• **RECORDS SHOWN**:
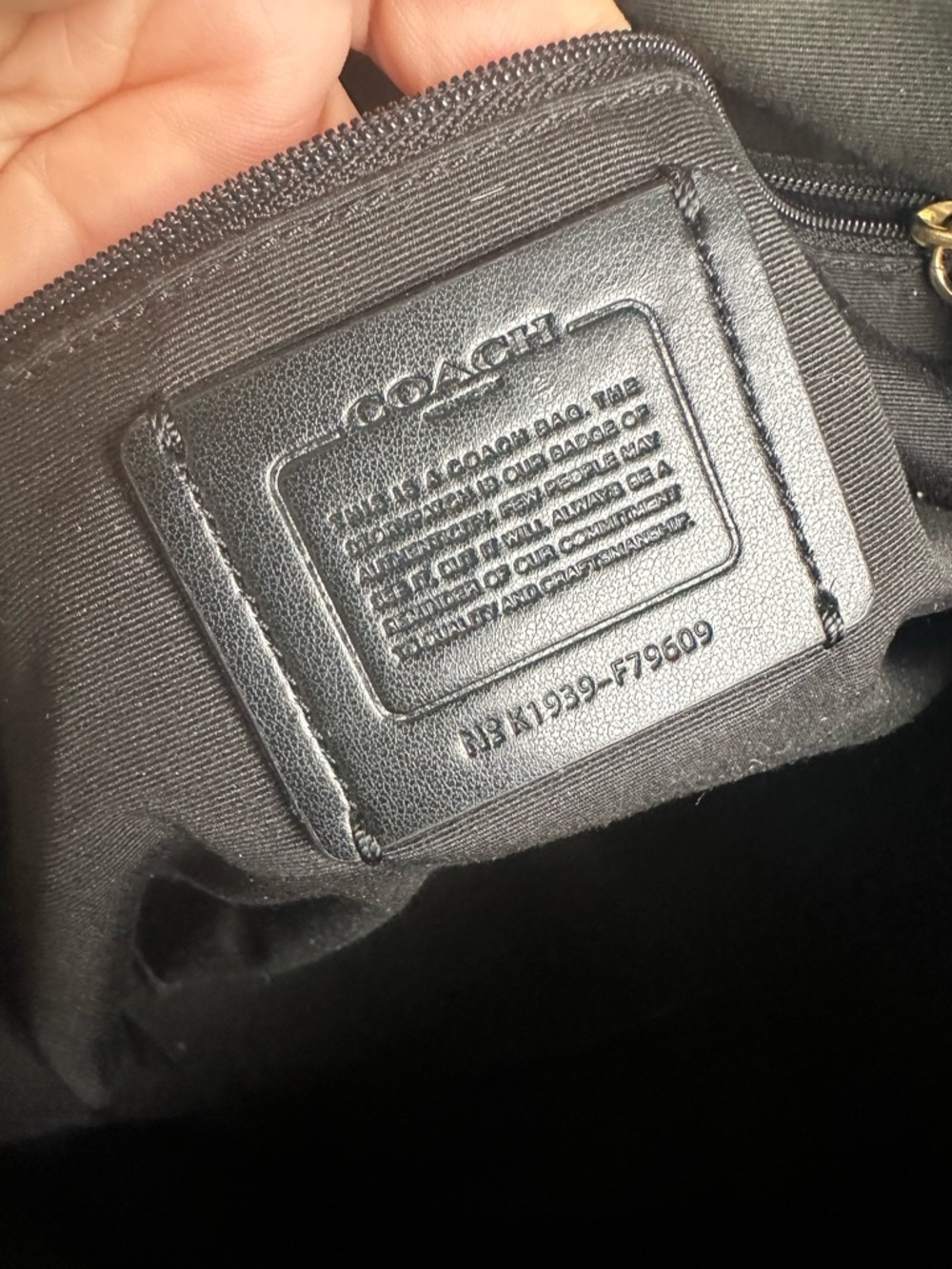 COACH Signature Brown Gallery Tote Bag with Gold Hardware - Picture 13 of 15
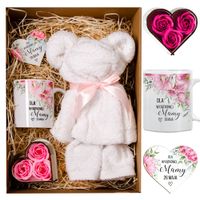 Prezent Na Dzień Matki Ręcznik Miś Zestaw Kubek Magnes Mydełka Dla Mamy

---

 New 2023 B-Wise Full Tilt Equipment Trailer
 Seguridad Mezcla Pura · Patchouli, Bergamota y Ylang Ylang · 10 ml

• **TO DO**: Copy nothing but the lines above from the one with "COACH Signature Brown" to the one with "Prezent Na Dzień", inclusive, word for word. Leave every picture out.

• **SOLUTION TO THIS TASK**:
 COACH Signature Brown Gallery Tote Bag with Gold Hardware - Picture 13 of 15
 Prezent Na Dzień Matki Ręcznik Miś Zestaw Kubek Magnes Mydełka Dla Mamy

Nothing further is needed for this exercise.